■ Work task:
Would you transcribe exactly the lines from the one containing "40 Stevens Road" to the last line of the data below, both ends included, but none of the pictures?
(Data excerpt)
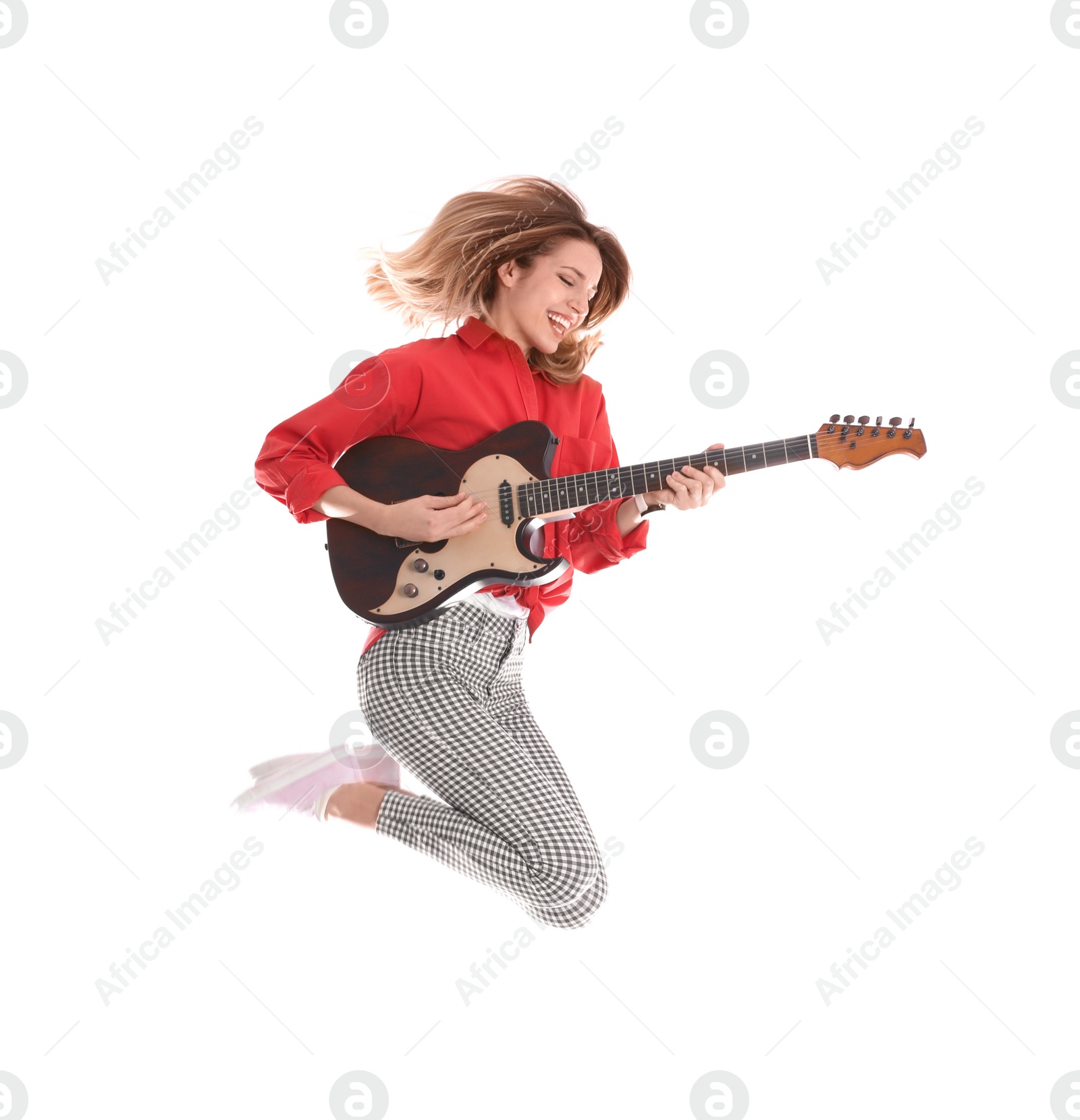 Photo of Young woman playing electric guitar on white background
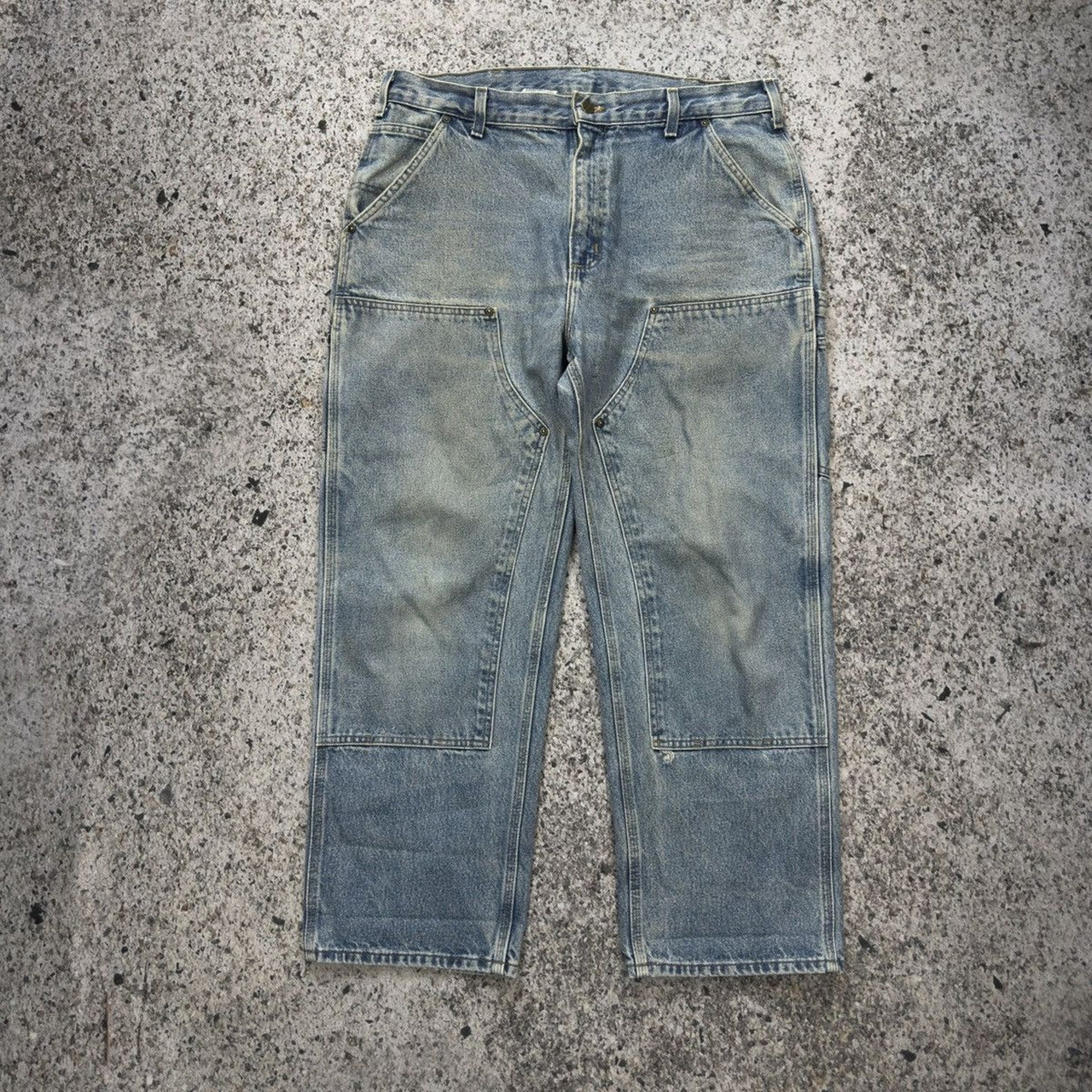 Pantalones vaqueros Carhartt de mezclilla descolorida con doble rodilla de la década de 2000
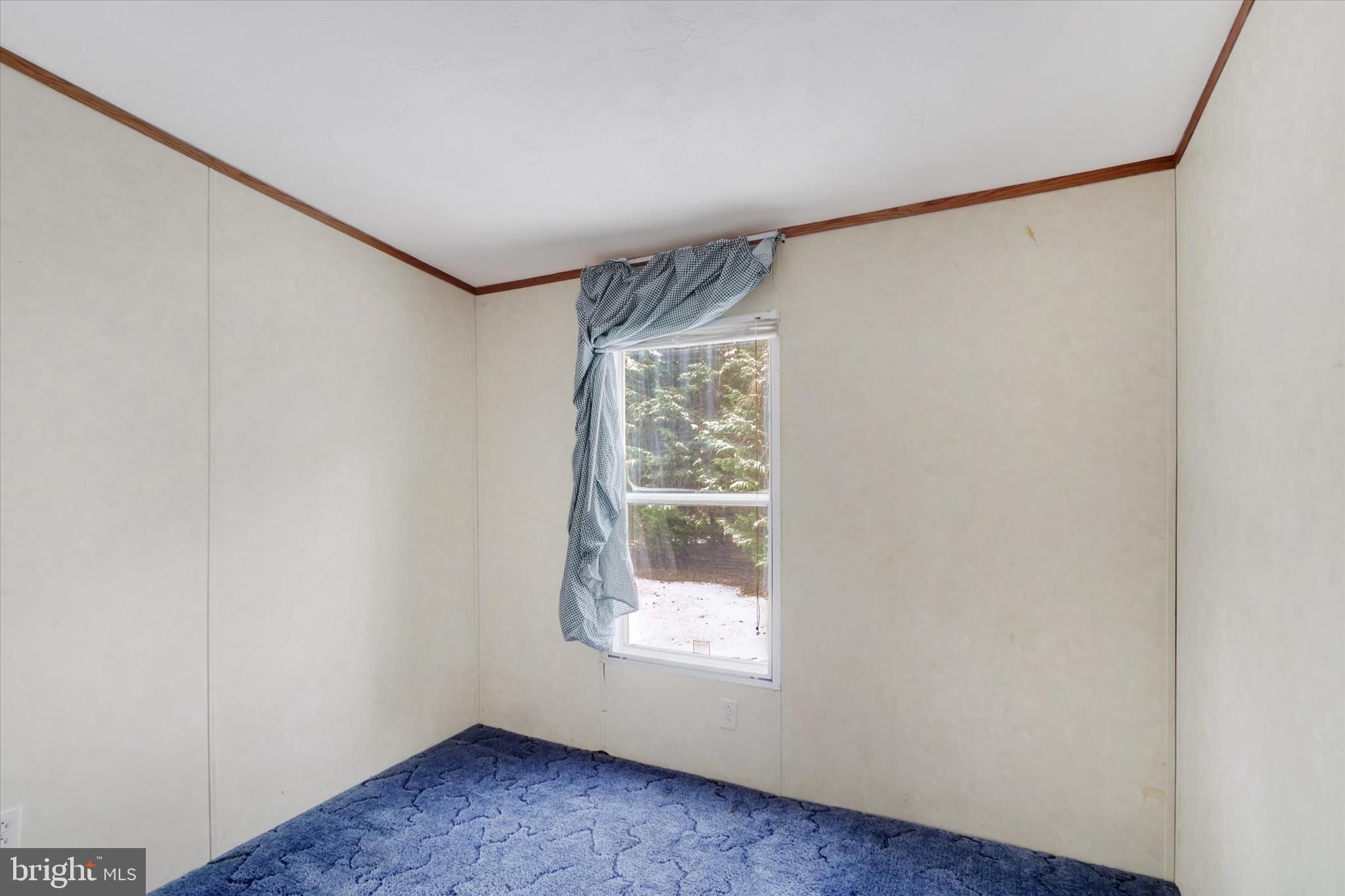 40 Stevens Road Etters, PA 17319 - Photo 11 of 19 a view of an empty room with wooden floor and a window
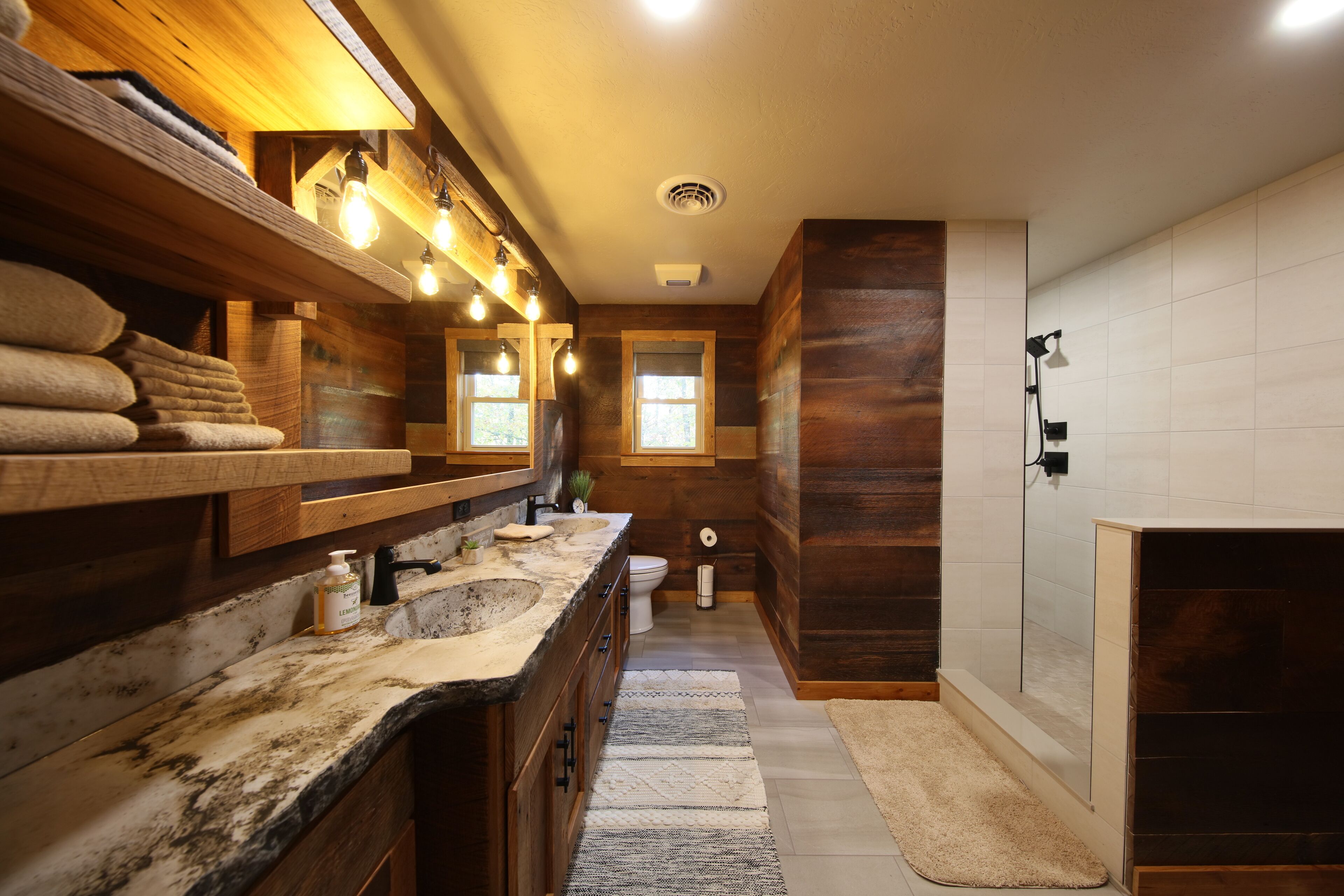 A modern bathroom with a wooden vanity, a large sink, a toilet, and a shower area.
(End Data excerpt)
■ Answer:
 40 Stevens Road Etters, PA 17319 - Photo 11 of 19 a view of an empty room with wooden floor and a window
 A modern bathroom with a wooden vanity, a large sink, a toilet, and a shower area.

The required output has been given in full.